Detrás de mi jardín se pueden ver dos árboles que asoman por el otro lado de la tapia. Uno es un jinjolero, el otro también es un jinjolero.

Ahí encima, el cielo de la noche es distante y extraño, y yo nunca he visto un cielo así de distante y extraño. Parece que quiere alejarse de los hombres y desaparecer para que los hombres no le vean más. Sin embargo, el azul de ahora es excepcional. Hay estrellas que parpadean como si fueran ojos, unos ojos fríos e indiferentes que son como labios que esbozan una sonrisa, unos ojos que parecen estar absortos en pensamientos profundos. La escarcha se ha posado abundantemente sobre la mala hierba de mi jardín.

No sé cómo la gente le llama a la mala hierba, ni cuál es su verdadero nombre. Recuerdo que había una flor roja y menuda en la plenitud de su vida. Esa florecilla está todavía abierta, pero es diminuta como ella misma.
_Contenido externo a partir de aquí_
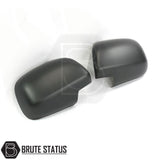 Toyota Hilux 2005-2014 Matt Black Wing Mirror Covers, designed for easy installation with high-quality ABS plastic and 3M adhesive, shown on a broken car mirror.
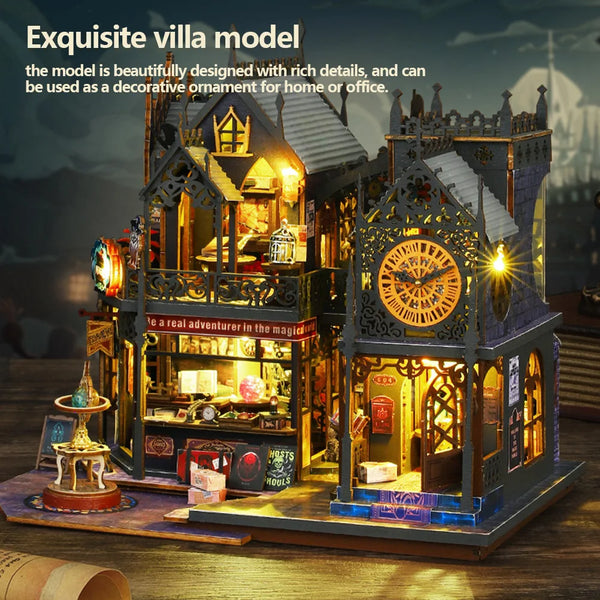 Miniature House Kit with LED Lights Wooden Dolls House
En la noche fría, contraído y apocado por el helor nocturno, soñó que llegaba la primavera y el otoño, soñó que los poetas enflaquecidos se secaban las lágrimas sobre sus últimos pétalos y le decían que siempre habrá una primavera después del otoño y del invierno. Una primavera que traerá con ella mariposas y abejas que nos dirán con sus poemas cantados que la primavera ha llegado. La florecilla roja sonreirá entonces y no olvidará la melodía de su poesía aunque empalidezca miserablemente el color rojo de los pétalos por el efecto de las heladas.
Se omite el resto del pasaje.